---- Records for this exercise
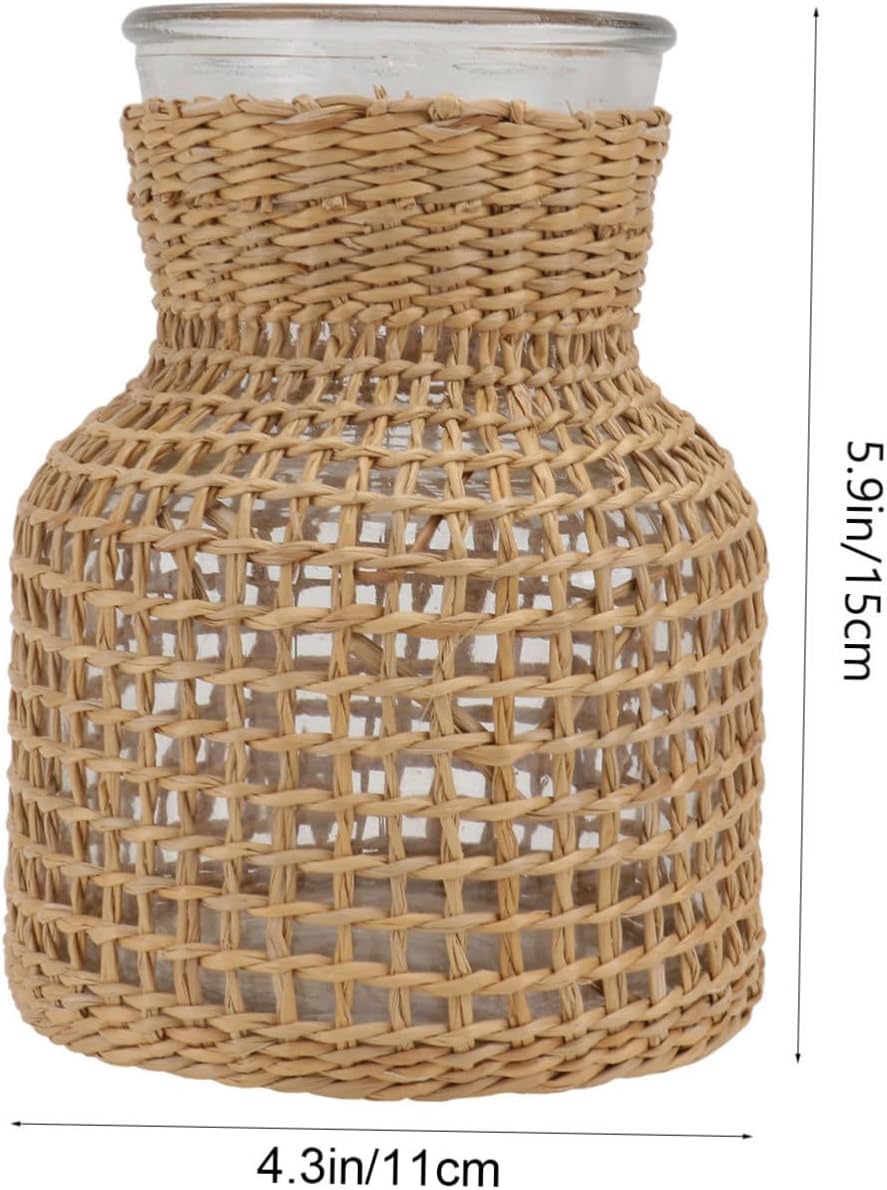 STOBAZA Luxury Grass Woven Flower Vase Natural Home Decor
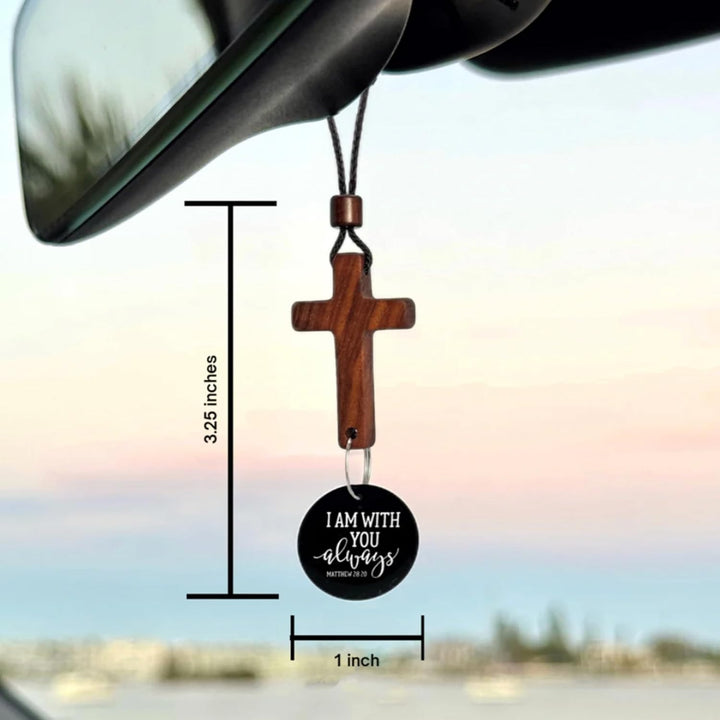 NFC Bible Cross Car Hanging Ornament – Walnut Wood Cross Decor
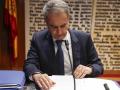El expresidente Rodríguez Zapatero durante su comparecencia en el Senado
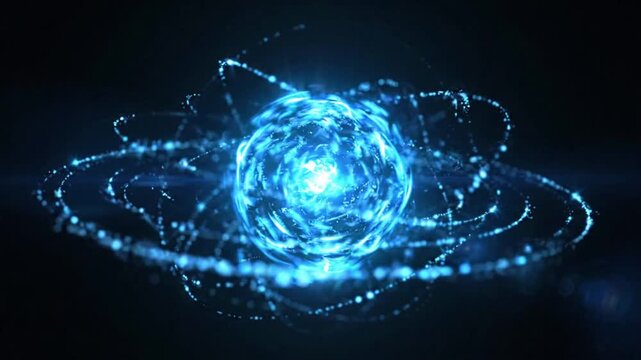 Abstract blue glowing nucleus animation shows flowing energy in motion and light, creating a dynamic visual effect for viewers to enjoy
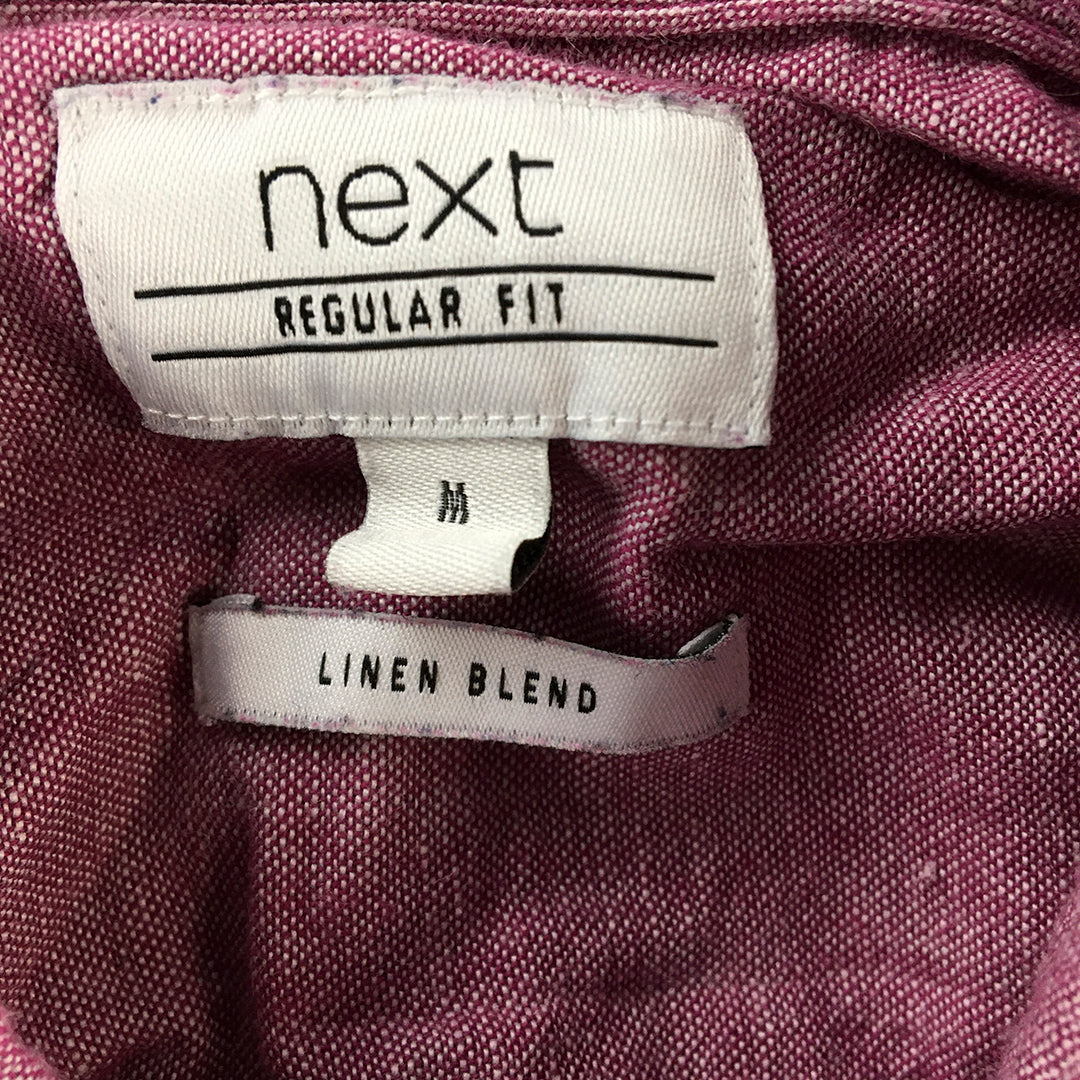 Next Mens Linen Shirt Size M Pink Short Sleeve Button-Up Collared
--------
--- Task requirements ---
Copy all of the material word for word, and include none of its pictures.

--- Solution for this task ---
 STOBAZA Luxury Grass Woven Flower Vase Natural Home Decor
 NFC Bible Cross Car Hanging Ornament – Walnut Wood Cross Decor
El expresidente Rodríguez Zapatero durante su comparecencia en el Senado
 Abstract blue glowing nucleus animation shows flowing energy in motion and light, creating a dynamic visual effect for viewers to enjoy
 Next Mens Linen Shirt Size M Pink Short Sleeve Button-Up Collared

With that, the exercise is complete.